The expansion of the vaccination campaign comes as parts of China take new clampdown measures to try to stamp out small outbreaks. Gansu, a north-western province heavily dependent on tourism, closed all tourist sites on Monday after finding new Covid cases. Residents in parts of Inner Mongolia have been ordered to stay indoors due to an outbreak there.

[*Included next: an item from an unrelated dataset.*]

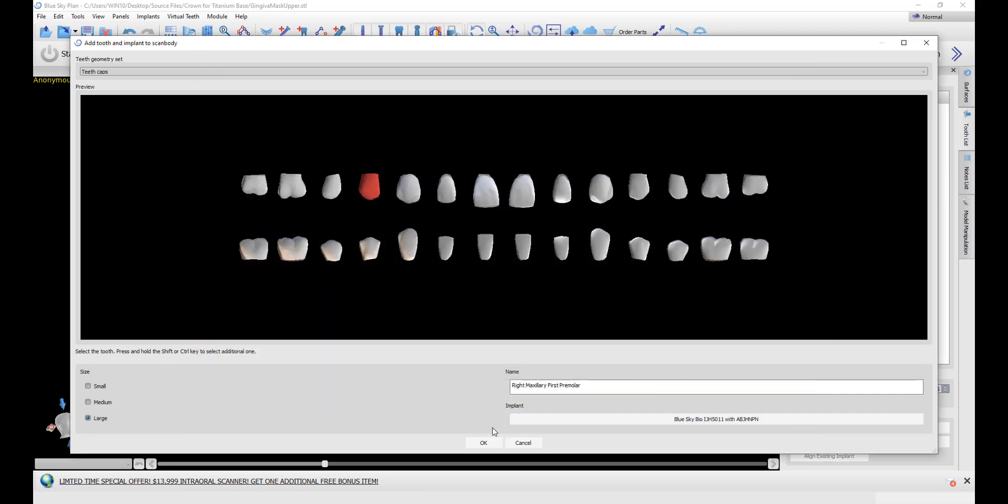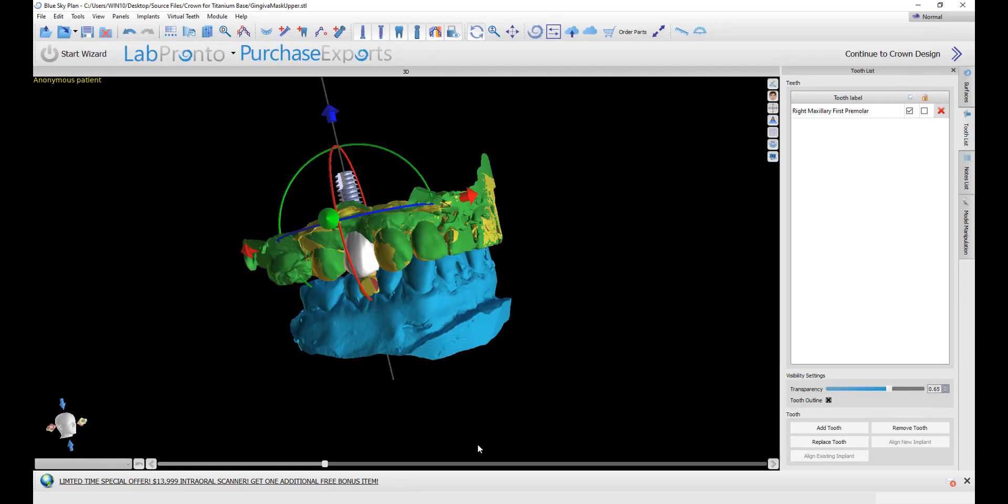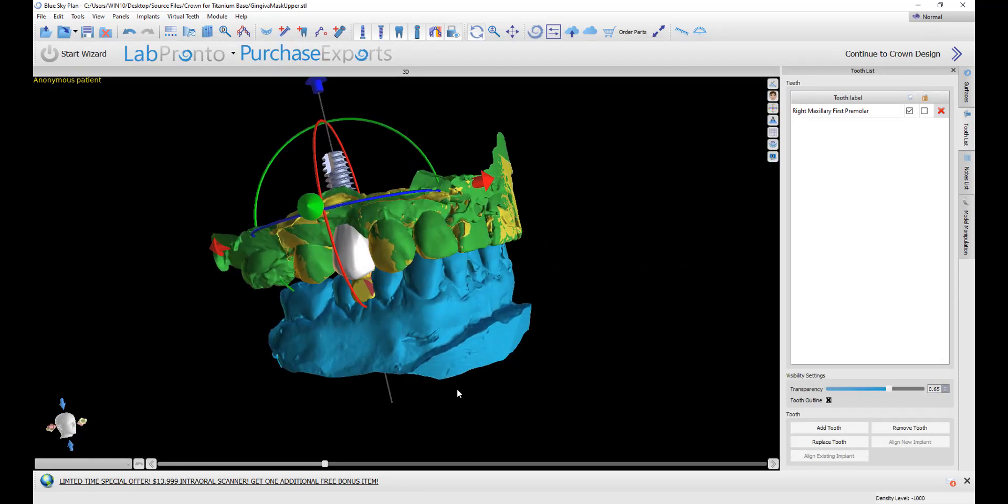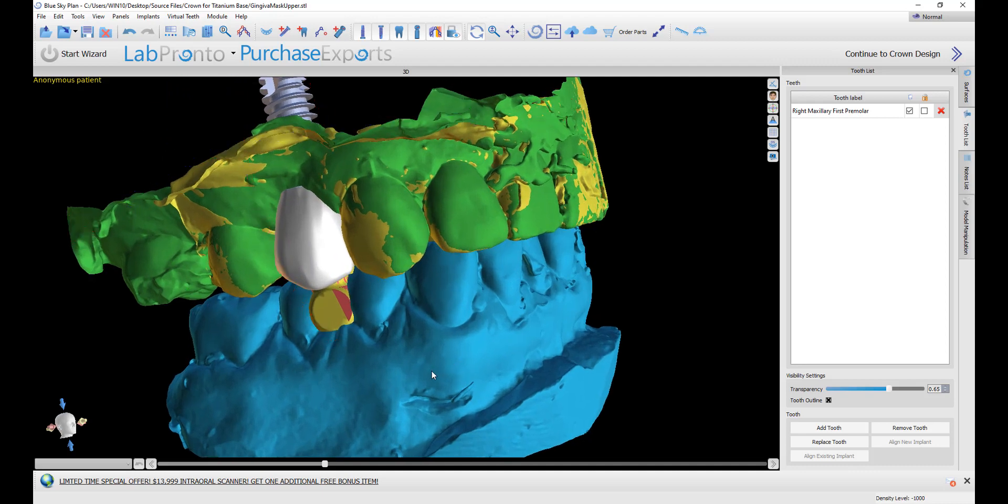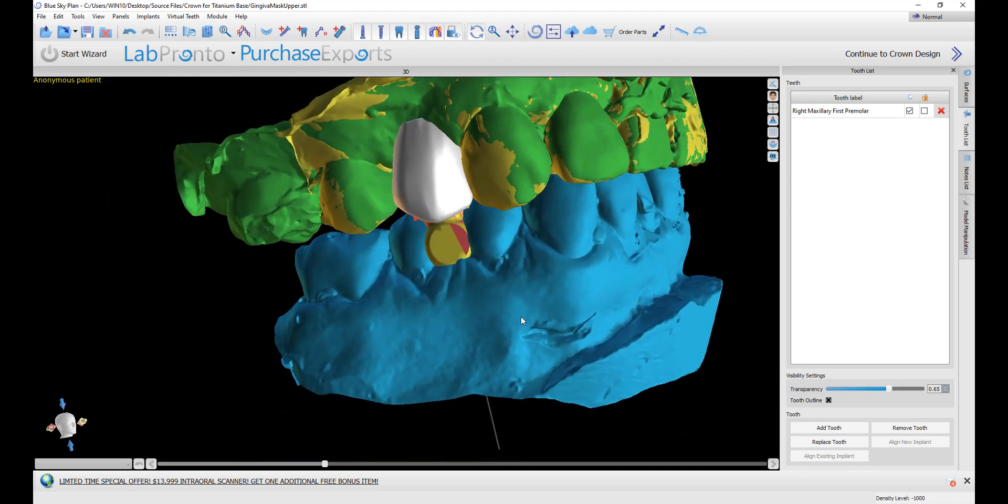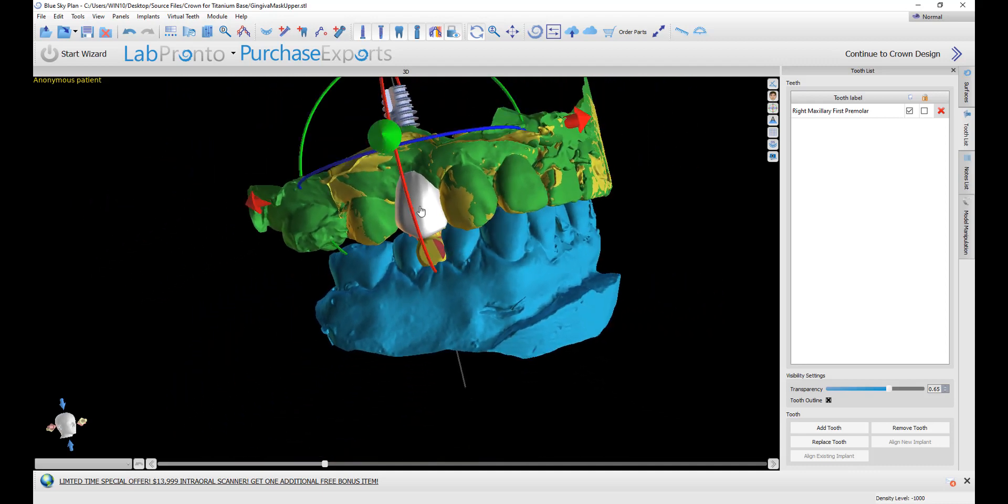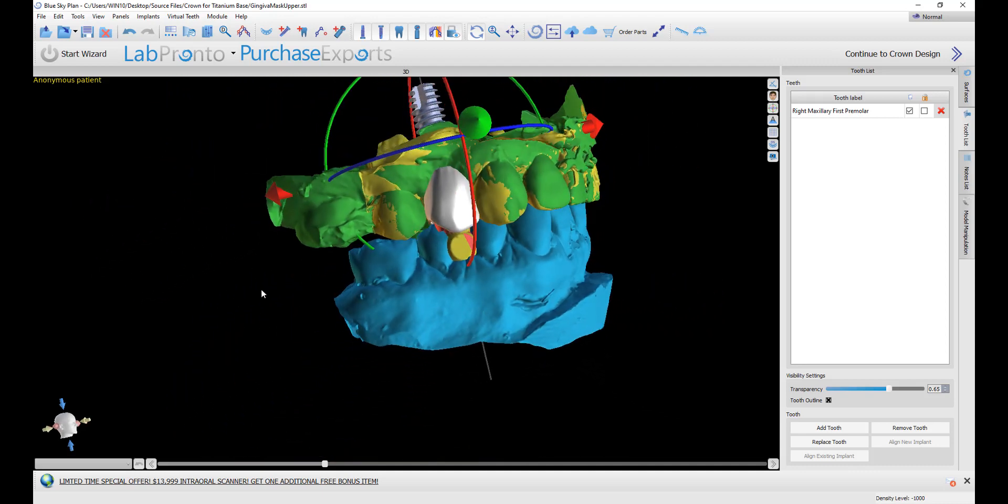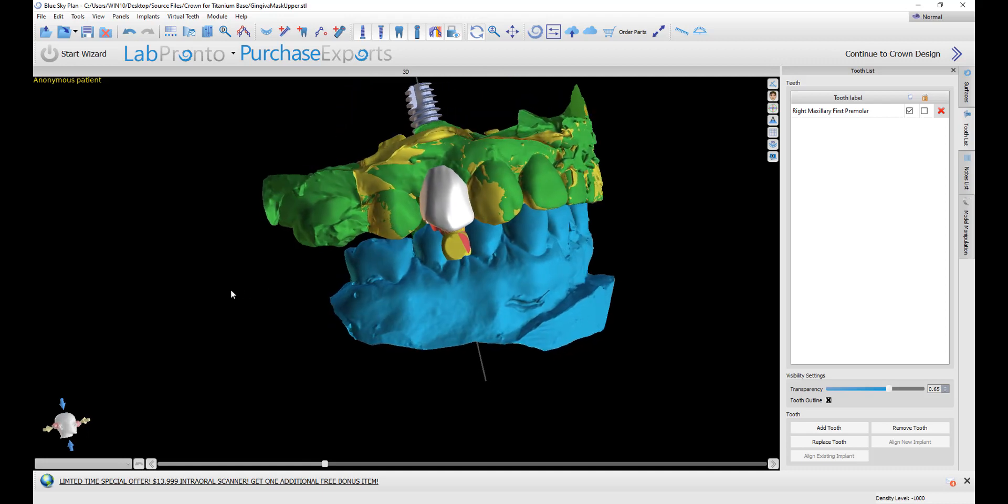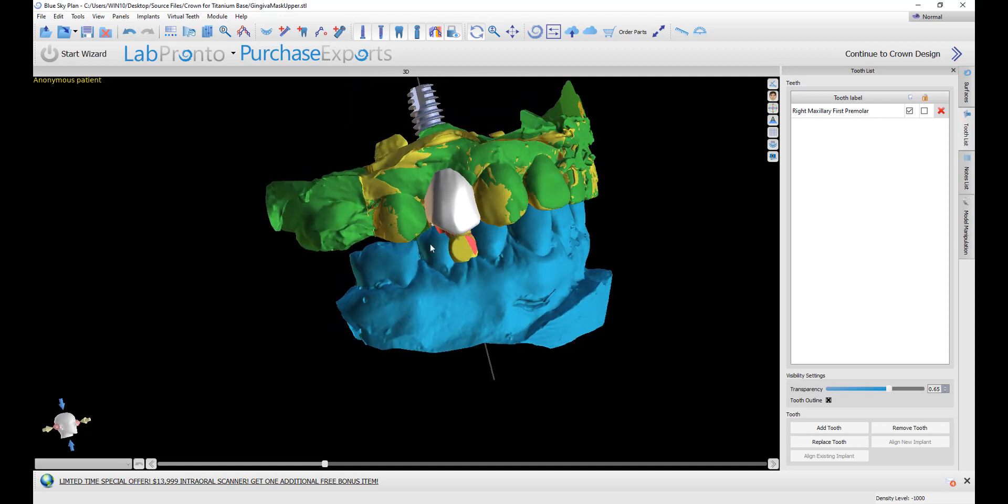Then confirm again by clicking OK. The software now automatically aligns the tooth, the implant, and the abutment to the scan body.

The National Health Commission reported 35 new cases of local transmission had been detected over the past 24 hours, four of them in Gansu. Another 19 cases were found in the Inner Mongolia region, with others scattered around the country.
China has employed lockdowns, quarantines and compulsory testing for the virus throughout the pandemic and has largely stamped out cases of local infection while fully vaccinating 1.07 billion people in its population of 1.4 billion.
In particular, the Government is concerned about the spread of the more contagious Delta variant by travellers and about having a largely vaccinated public ahead of the Beijing Winter Olympics in February. Overseas spectators have already been banned from the Games, and participants will have to stay in a bubble separating them from people outside.